A more sustainable version, for most growing businesses, is to make AI fluency a development area in performance reviews. Not a metric you score people on, but a topic of discussion. What AI tools are you using. What use cases have you developed. What would help you do more. This creates the pressure of expectation without the toxicity of mandatory adoption.
Tactic 7. Remove the procurement friction
This is the tactical move most operations leaders overlook. If your business has long approval processes for new AI tools, your team is probably using AI tools you do not know about, from their personal accounts.
Boston Consulting Group's October 2024 survey of one thousand C-suite executives found that seventy-four percent of companies struggle to scale value from AI, and roughly seventy percent of the challenges stem from people and process issues. A meaningful slice of that is procurement friction that pushes legitimate AI use into the shadows.
The fix is to cut the red tape. Create a clear, fast process for the team to request AI tool trials. Give each function a small AI experimentation budget they can use without escalation. Build a simple internal list of approved tools so the team knows what they can use without asking. Duolingo gave every employee three hundred dollars to try AI tools, courses, and subscriptions. Zapier assigned a lead PM specifically to fast-track AI tool approvals through procurement and legal.
The goal is to make legitimate, sanctioned AI use easier than unauthorised AI use. If sanctioned use is hard, your team will continue to use AI in ways you cannot see, support, or measure.
What good adoption looks like in practice
When these tactics are working in a business, the change is visible.
The team is using AI without being asked to. They have specific use cases they reach for instinctively. They are sharing what works in their team channels without prompting. The early adopters are pulling others along. New tools get adopted within weeks rather than quarters because the operating rhythm is already in place. AI use shows up in performance conversations not as compliance but as development.
Most importantly, the time-saved is real and visible. You can see it in cycle times, in capacity freed up, in customer outcomes. The investment in the tools is not theoretical anymore. It is showing up in the business.
This is what AI adoption actually looks like when it works. It is not a one-off project. It is an operating capability that compounds.
The bigger picture
Getting your team to actually use AI tools is not a training problem, a communication problem, or a leadership problem in isolation. It is an operational design problem.
The tools need to live inside the workflow, not next to it. The use cases need to be specific, not general. The exemplars need to be visible.
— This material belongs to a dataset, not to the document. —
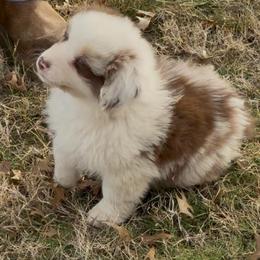 Larry - Red merle male Australian Shepherd puppy in Grove, Oklahoma from Dollface Aussies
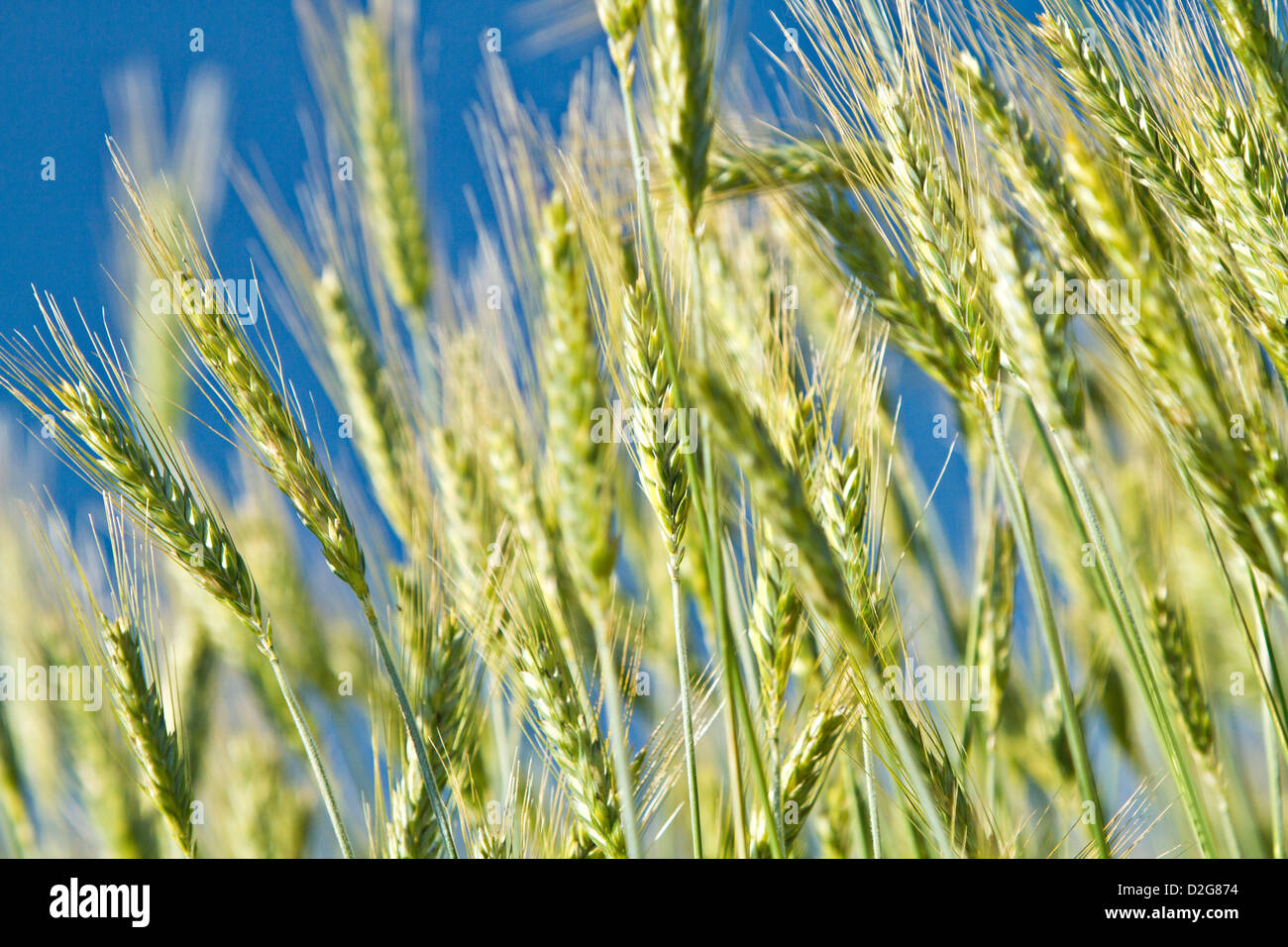 wheat ears (Triticum) Stock Photo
The feedback needs to be structured. The procurement needs to be frictionless. The expectations need to be clear without being punitive.
None of this is complicated. It is also not optional. The businesses that put these tactics in place are seeing genuine AI adoption and the productivity gains that come with it. The ones that are not are paying for subscriptions that nobody uses, running training that nobody applies, and wondering why the AI program is not delivering.
The good news is that the tactics work fast. You do not need a year-long change programme. Most of the moves above can be in place within a quarter. The team will start using the tools, the use will compound, and the business will start to feel the benefit the investment was always supposed to deliver.
The tools are not the problem. The work around the tools is.